- **WHAT YOU HAVE TO DO**: From the data that follows, set down exactly the lines from the one with "For most commuters, crossing" through the one with "502 E Iris Drive Nashville TN 37204", counting both. Pictures stay out.

- **ENTRIES PROVIDED**:

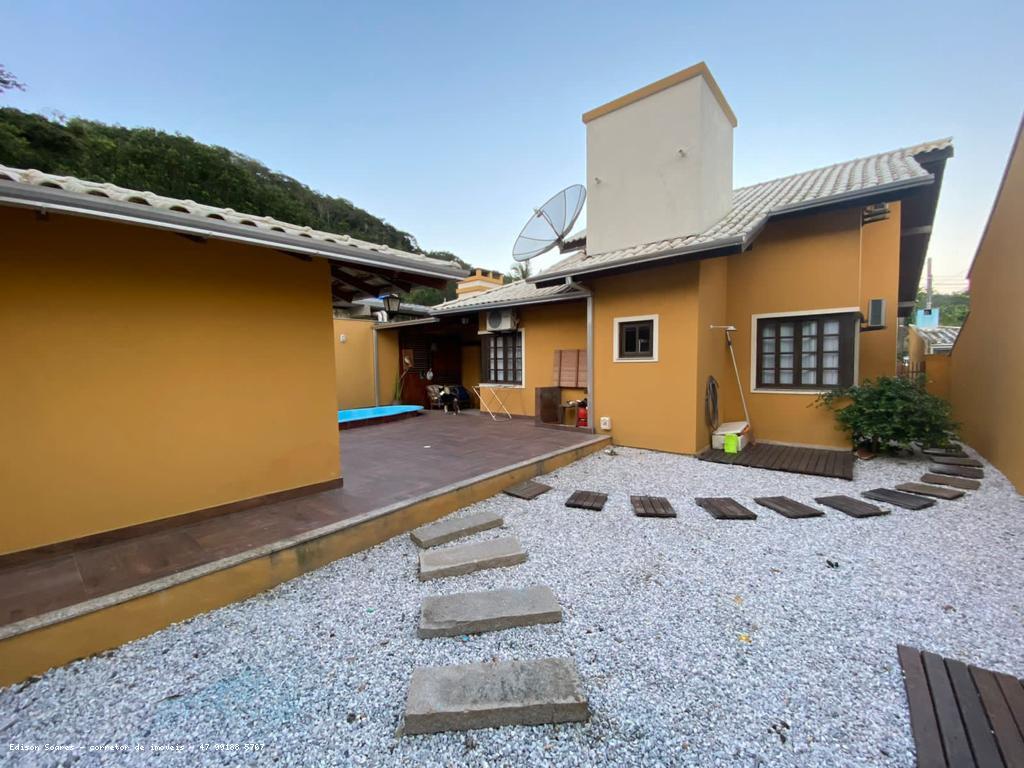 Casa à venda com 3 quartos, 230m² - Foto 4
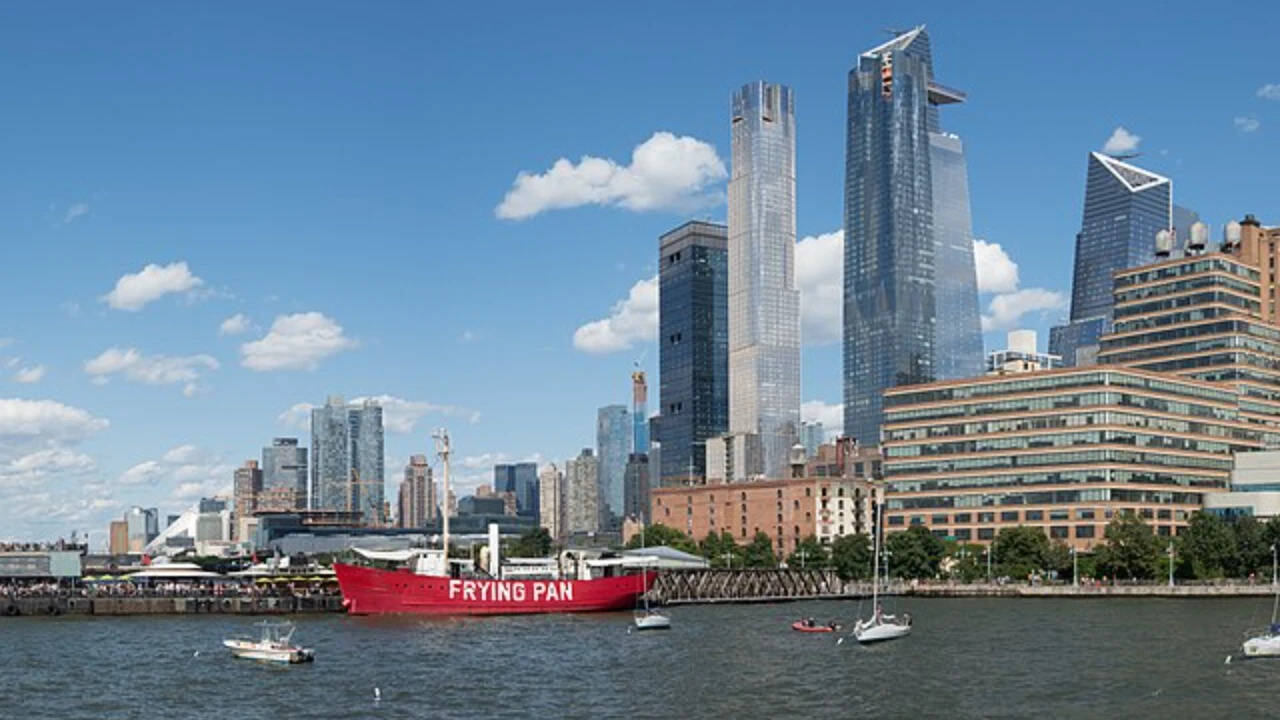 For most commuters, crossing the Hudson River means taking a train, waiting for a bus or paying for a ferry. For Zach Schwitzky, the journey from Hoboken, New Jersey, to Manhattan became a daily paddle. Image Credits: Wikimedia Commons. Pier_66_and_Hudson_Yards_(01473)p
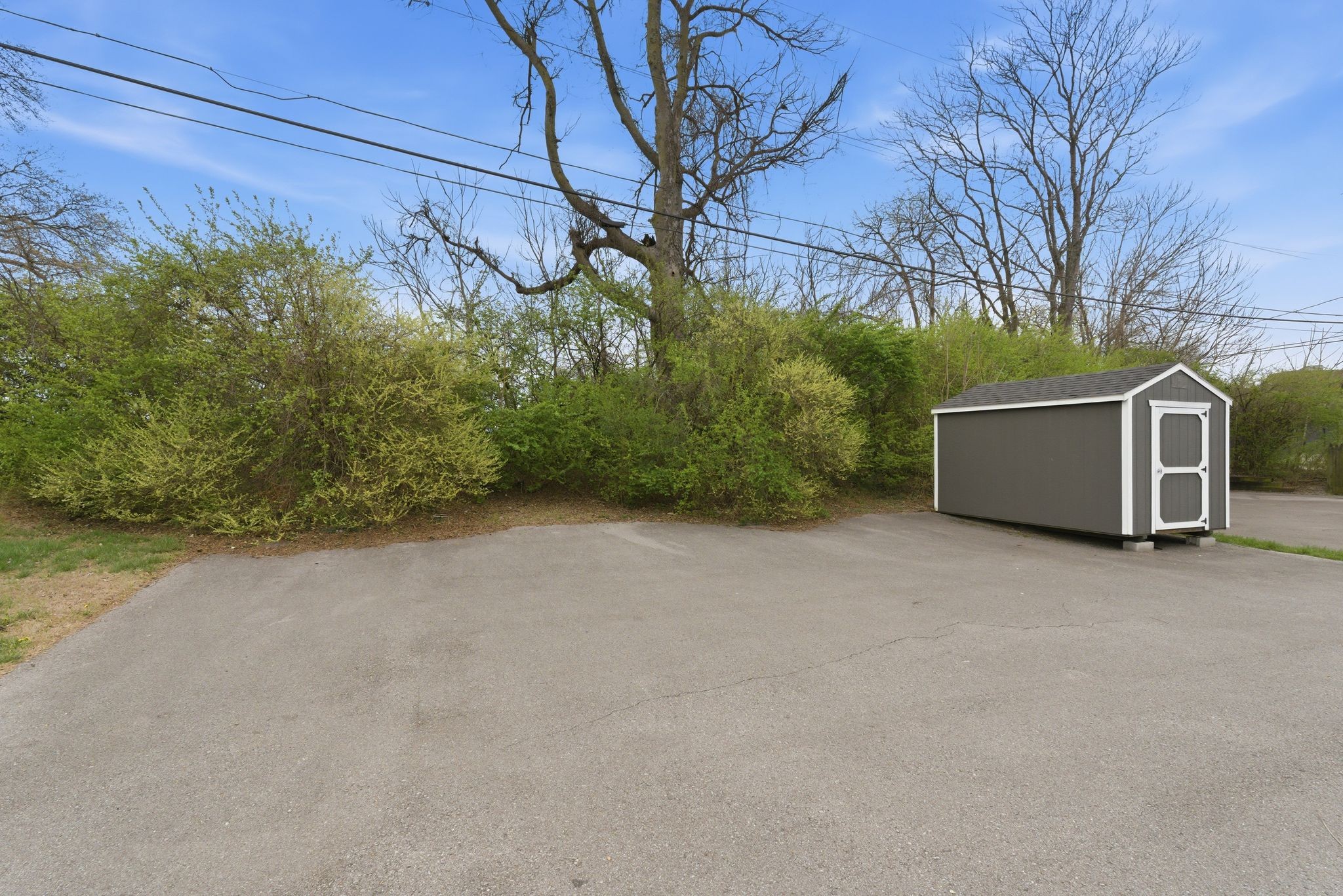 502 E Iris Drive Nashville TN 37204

* * *

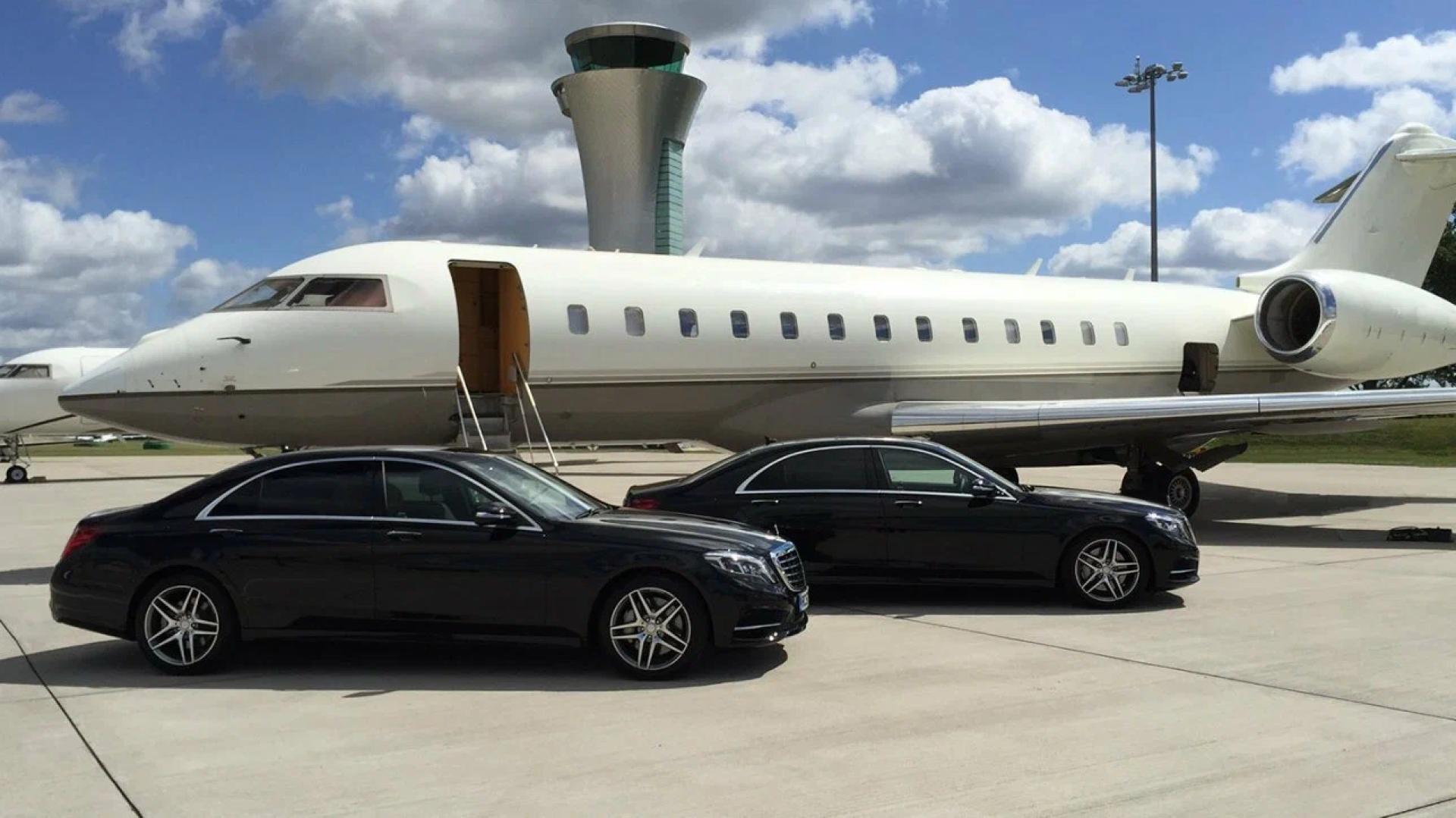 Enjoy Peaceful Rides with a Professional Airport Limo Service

- **ANSWER TO THIS PROBLEM**:
 For most commuters, crossing the Hudson River means taking a train, waiting for a bus or paying for a ferry. For Zach Schwitzky, the journey from Hoboken, New Jersey, to Manhattan became a daily paddle. Image Credits: Wikimedia Commons. Pier_66_and_Hudson_Yards_(01473)p
 502 E Iris Drive Nashville TN 37204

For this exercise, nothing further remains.